*Data section*:
==============================

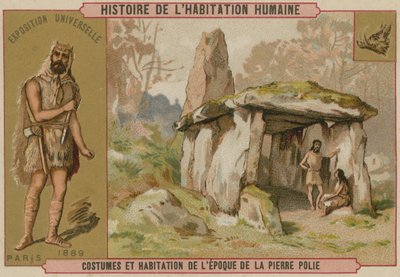 Trajes y viviendas neolíticos de French School
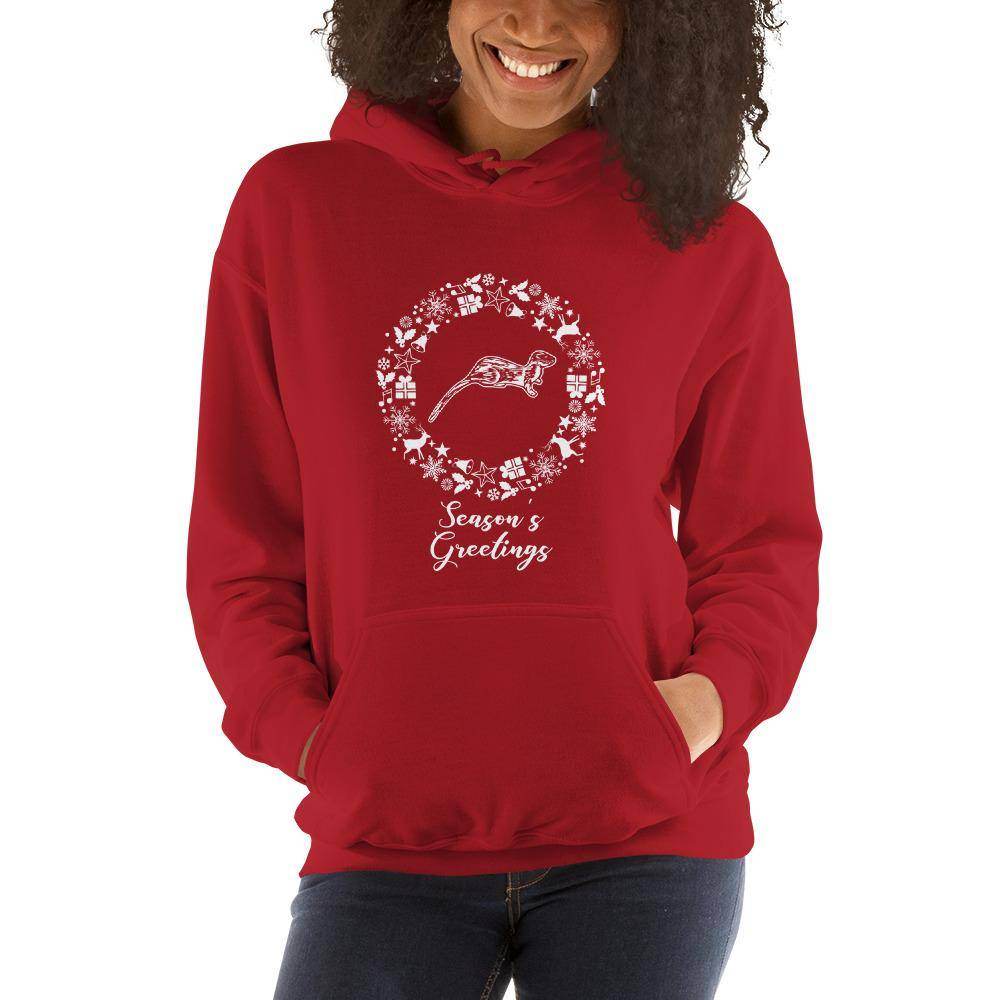 Otter Creek MS Otters - Season's Greetings wreath (white)  -  Unisex Hoodie - EdgyHaute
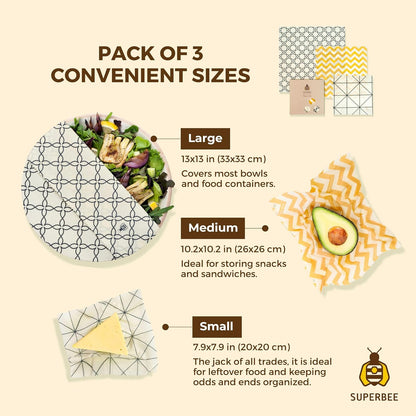 Beeswax Wrap for Food, Set of 3 Bees Wax Wraps, Reusable Bees Paper for Wrapping Vegetables, Cheese, Bowl Covers and Sandwich Wrapping Paper, Beeswax Food Wraps (Fruit Punch)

==============================

*Task prompt*: None of the pictures should be reproduced; all other material above must be set down exactly.

*Solution to this task*:
 Trajes y viviendas neolíticos de French School
 Otter Creek MS Otters - Season's Greetings wreath (white)  -  Unisex Hoodie - EdgyHaute
 Beeswax Wrap for Food, Set of 3 Bees Wax Wraps, Reusable Bees Paper for Wrapping Vegetables, Cheese, Bowl Covers and Sandwich Wrapping Paper, Beeswax Food Wraps (Fruit Punch)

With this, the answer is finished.